The actual type of the keys and values lists are flexible: the compiler passes the keys and values as a list literal, so all the rules for list literals apply to these arguments.

Initializer lists

Mojo supports a syntax extension vs Python to express C++-style "initializer lists". This is a list of argument values that is bound up into an expression which is applied to a contextual type. This can be useful if you have a complicated type that you don't want to spell.

fn foo(x: SomeComplicatedType): ...

# Example with normal initializer.
foo(SomeComplicatedType(1, kwarg=42))
# Example with initializer list.
foo({1, kwarg=42})

While this is a minor convenience in this case, it can be more significant when working with more complex types that have lots of parameters that would otherwise require complicated uses of __type_of(x).

Ambiguity resolution between Set Literals and Initializer Lists

The above approach has an ambiguity: does {a, b} create a set of two elements with T.__init__(a, b, __set_literal__=()) or does it invoke an initializer with just T.__init__(a, b)?

The approach used by the Mojo compiler is as follows based on whether it has a contextually inferred type or not. If not, the compiler assumes that the literal must be a Set literal. It:

  1. requires at least one element, rejecting var x = {} because it cannot infer the element type of Set.
  2. rejects attempts to use keyword arguments, e.g. var x = {1, kwarg=2} is known to not be a set, but we cannot know what type to create.
  3. It unifies the elements provided (using __merge_with__ and implicit conversions using the same algorithm as list literals), and then creates an instance of the Set type.

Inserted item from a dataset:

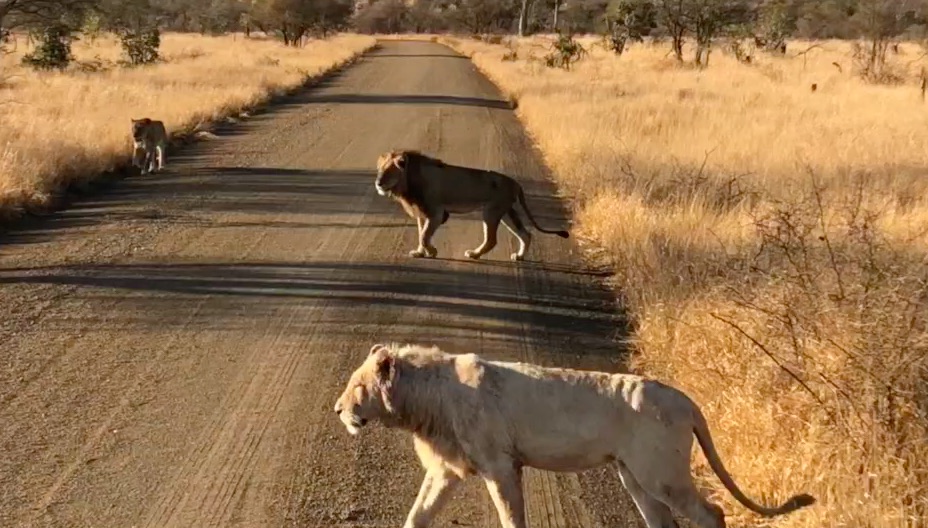 Afrique du Sud/Sur Africa : Give me 5 !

If there is a known contextual type, the compiler uses the following approach:

  1. If the initializer list is empty, and if the type allows construction from a dictionary literal, that constructor is used. This ensures that {} turns into a dict with PythonObject.
  2. If the type supports the set literal initializer, and if no keyword arguments are used, the element types are unified and the set literal constructor is used. Note that this disables initializer-list syntax for set-like types, but you can work around this by calling the initializer explicitly, or providing a keyword argument.
  3. Otherwise, the elements are passed in to the T.__init__ method as an initializer list.

Collection Comprehensions

Mojo supports Python-style collection "comprehensions", which are a collection literal with a single expression, followed by one or more postfix generator clauses indicating how to produce the elements. Some examples:

  var list1 = [x*y for x in range(10) for y in other_int_list]
  var list2: YourList = [x for x in range(10) if x & 1]
  var set = [x for x in range(10)]
  var dict = {x : x*x for x in range(10) if x & 1}

Collection comprehensions desugar into the same code you'd get by writing nested for loops and if statements, and uses the same defaulting rules as other literals above. For example, the examples above desugar into:

  var list1 = List[Int]()
  for x in range(10):
      for y in other_int_list:
         list1.append(x*y)

  var list2 = YourList()
  for x in range(10):
      if x & 1:
          list2.append(x)

  var set = Set[Int]()
  for x in range(10):
      set.add(x)

  var dict = Dict[Int, Int]()
  for x in range(10):
      if x & 1:
          dict[x] = x*x

This implies that this will only work with collection types that are default constructible, and have the insertion methods corresponding to their type: append for arrays, add for sets, and __setitem__ for dicts. Mojo doesn't require the collections to be copy or movable or impose any other requirements on them.